When I am questioning my decision to pursue my writing I step back and look at what led me here.

I’ve spent the last while recounting my journey to becoming a writer. The actual physical, day to day steps, one leading to the next.

What I didn’t recount:

All the prayer.

When I first started writing, it was for fun.

Then things started to happen.

I started writing more. It was there in my head. I didn’t think about whether it was right or wrong or whether or not it was the best choice or decision. I enjoyed writing, so I wrote.

Others encouraged my writing. People I trusted.

It became a challenge.

I honestly never truly believed I would be published. It didn’t keep me from continuing to write. I discovered writing was a great way to kick ideas out of my head, rather than having them race around like hamsters in a squeaky wheel.

It all started out so innocently. A bit of fun. A lark. Why not?

I had one of those feelings about my job changing, my transcribing job. Instead of ignoring it, I listened. I spent more time with my writing. At the same time, I couldn’t figure out a way to save my transcribing career. Times were changing, much sooner than I expected. I figured ten years down the road, I’d need to rethink my career path.

When it happened much sooner, I panicked, but I didn’t freeze. I kept taking a next step and a next step. It dawned on me I should probably take a look back to see if this path I was on was a blind alley or actually had breadcrumbs leading me along.

It was amazing how easy those breadcrumbs were to see. Sometimes, God laid down whole loaves. I would have had to willfully ignore them to miss them.

This started a new approach. Instead of seeing what breadcrumbs I’d already managed to pick up, I started looking ahead of me. Searching for breadcrumbs to help me stay the course.

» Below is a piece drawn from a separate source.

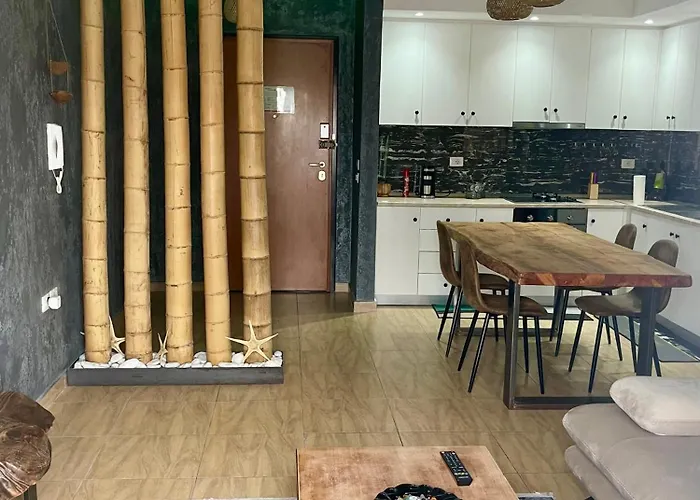 Boulevard Apartment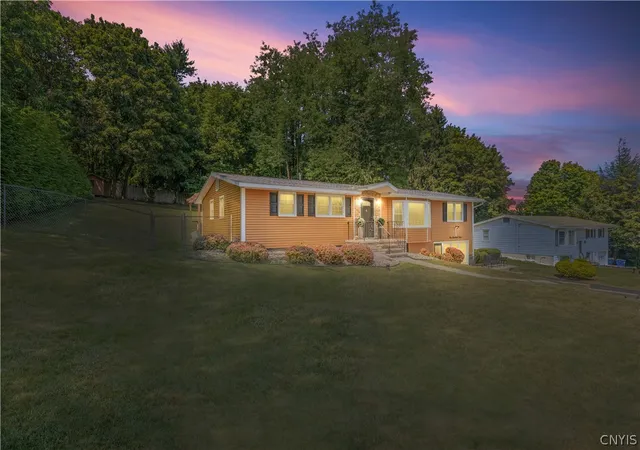 2nd image of 104 Ivy Ln, Syracuse, NY 13219 | MLS# S1698729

On the days I question my decision, I mean question if I’m out of my mind and fooling myself, I ask God to toss me a breadcrumb. I have an armful of loaves.


Responses

  1. I can visualize arm fulls of bread some french bread, a few baguettes, round loaves….this could be a great picture. 🙂 You want to try?

    • I like this idea!

  2. I also think the crumbs are there ahead of us if we just remember to look, and yes, whole loaves are left when we miss the crumbs. I see this now. I see I actually missed entire bakeries, just went around them like any other obstacle, never knowing it was meant for me. I love that image, arms full of bread, let’s add some brioche, scones and croissants too, just because we deserve it.

    • 🙂 Absolutely! Bread: My ultimate comfort food.